- Opening Delimiter -

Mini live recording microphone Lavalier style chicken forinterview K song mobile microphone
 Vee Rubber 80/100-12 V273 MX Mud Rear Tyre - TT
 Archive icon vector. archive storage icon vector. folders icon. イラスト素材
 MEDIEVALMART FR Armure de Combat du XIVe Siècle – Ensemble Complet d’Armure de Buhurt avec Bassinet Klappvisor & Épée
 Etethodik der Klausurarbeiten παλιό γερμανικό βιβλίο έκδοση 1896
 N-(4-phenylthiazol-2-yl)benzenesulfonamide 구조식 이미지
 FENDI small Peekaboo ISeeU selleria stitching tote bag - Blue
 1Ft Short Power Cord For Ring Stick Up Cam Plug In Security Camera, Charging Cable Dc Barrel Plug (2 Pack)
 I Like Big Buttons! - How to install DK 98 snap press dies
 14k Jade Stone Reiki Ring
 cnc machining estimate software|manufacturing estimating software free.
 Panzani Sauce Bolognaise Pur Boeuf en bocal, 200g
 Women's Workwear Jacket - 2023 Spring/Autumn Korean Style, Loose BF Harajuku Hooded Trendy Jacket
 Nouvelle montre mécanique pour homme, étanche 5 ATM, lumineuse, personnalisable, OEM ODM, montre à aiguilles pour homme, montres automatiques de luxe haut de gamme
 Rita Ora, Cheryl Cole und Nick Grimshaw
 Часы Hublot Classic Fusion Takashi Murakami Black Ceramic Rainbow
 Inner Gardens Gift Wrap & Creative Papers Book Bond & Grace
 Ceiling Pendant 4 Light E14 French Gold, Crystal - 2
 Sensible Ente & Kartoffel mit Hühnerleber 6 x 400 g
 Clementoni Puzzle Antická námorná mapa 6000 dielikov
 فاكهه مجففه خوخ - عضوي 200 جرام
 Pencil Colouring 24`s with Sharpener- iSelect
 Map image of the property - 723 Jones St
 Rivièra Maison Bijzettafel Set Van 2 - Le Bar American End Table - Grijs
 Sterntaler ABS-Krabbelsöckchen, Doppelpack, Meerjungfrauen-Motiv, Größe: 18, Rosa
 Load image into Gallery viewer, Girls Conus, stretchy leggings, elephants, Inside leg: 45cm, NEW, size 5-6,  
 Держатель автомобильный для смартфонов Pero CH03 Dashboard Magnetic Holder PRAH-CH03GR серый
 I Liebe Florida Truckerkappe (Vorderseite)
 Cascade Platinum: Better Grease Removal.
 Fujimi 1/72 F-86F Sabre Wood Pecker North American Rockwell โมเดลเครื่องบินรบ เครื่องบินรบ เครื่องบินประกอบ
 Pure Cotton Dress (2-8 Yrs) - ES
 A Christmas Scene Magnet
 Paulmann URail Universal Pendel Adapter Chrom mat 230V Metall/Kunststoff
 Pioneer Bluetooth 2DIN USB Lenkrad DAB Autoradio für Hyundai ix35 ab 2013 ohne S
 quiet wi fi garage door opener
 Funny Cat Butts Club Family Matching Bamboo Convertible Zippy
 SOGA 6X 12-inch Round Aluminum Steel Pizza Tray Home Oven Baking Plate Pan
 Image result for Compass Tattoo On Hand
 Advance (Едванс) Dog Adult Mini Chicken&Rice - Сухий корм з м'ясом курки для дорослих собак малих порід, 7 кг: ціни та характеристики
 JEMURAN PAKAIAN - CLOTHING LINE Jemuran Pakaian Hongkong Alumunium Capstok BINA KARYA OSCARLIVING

- Closing Delimiter -

For this exercise, please copy exactly the lines from the one holding "Advance (Едванс) Dog" through the end of the records, the first and last included.

 Advance (Едванс) Dog Adult Mini Chicken&Rice - Сухий корм з м'ясом курки для дорослих собак малих порід, 7 кг: ціни та характеристики
 JEMURAN PAKAIAN - CLOTHING LINE Jemuran Pakaian Hongkong Alumunium Capstok BINA KARYA OSCARLIVING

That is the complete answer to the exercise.